What you don’t seem to realize is that the reason there is broadband is because companies rely on a “time share” method of dividing up their much much MUCH more expensive WAN connection costs. When you purchase broadband, you’re not purchasing an SLA’ed point-to-point pipe that’s dedicated to you; you’re purchasing a chance for equal use rights to someone else’s pipe. If you’re on cable, then you’re competing with everyone else on your node. If you’re on DSL, then you’re competing with everyone else on your DSLAM. If you’re on FiOS (BPON / GPON), then you’re competing with 32 other people on your splitter. And so on, and so forth.

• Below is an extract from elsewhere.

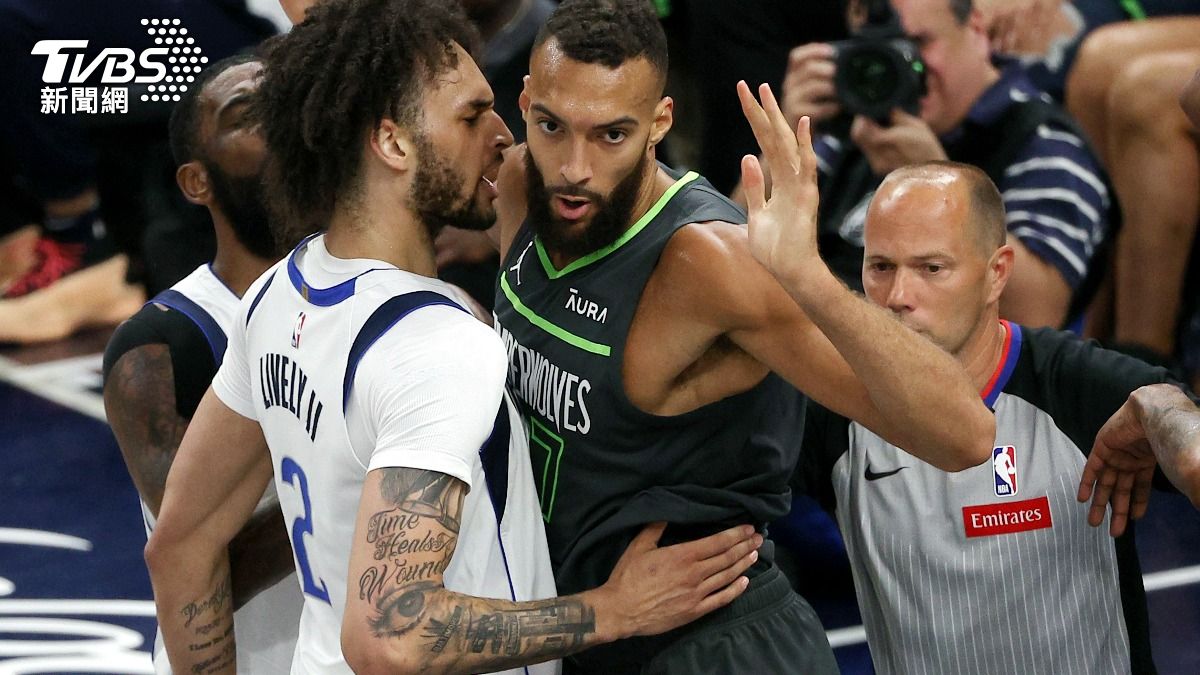 NBA/遭菜鳥諷「沒資格上場」!戈貝爾頻挨轟 灰狼:他是核心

If you really want 100% guaranteed access to a pipe / dedicated bandwidth, then you need to shop around for a T1, ether, microwave, or some other business class connection. Once you see the prices of these types of links, I guarantee you’ll appreciate your “best effort” broadband connection more.
- Tate
[quote comment="148414"]The problem of bandwidth saturation and download/upload heavy multi-media usage is NOT GOING AWAY. If anything its going to get worse for ISP’s. (and I do know what I’m talking about, I work for an ISP)[/quote]
Sorry, I seemed to have missed this interesting tidbit. I’m going to go out on a limb and guess that you’re not in any kind of upper management position, but rather some level of technical support, right? Just curious.
Oh, and I’m not sure if you were implying otherwise, but if you were, I’d like to point out that telephone connections are still oversold to this day. Typical oversell ratios are from 1:3, all the way to 1:20 and beyond. There’s no justification from a financial or technical aspect to provision at a 1:1 ratio for the PSTN. To undersell and over-structure your company’s backend would be incredibly wasteful and moronic.
- Tate
Hey Comcast CEO Brian Robert: Why do you think people have broadband in the first place? Sheesh. Where do they find these luddites.
The next chapter in the Saga for Comcast will be Chapter 11.
“P2P applications can cripple a network, they’re like leaches. Just because you pay 49.99 for a 1.5-3.0mbps connection doesn’t mean your entitled to use whatever protocols you wish on your ISP’s network without them provisioning it to make the network experience good for all users involved.”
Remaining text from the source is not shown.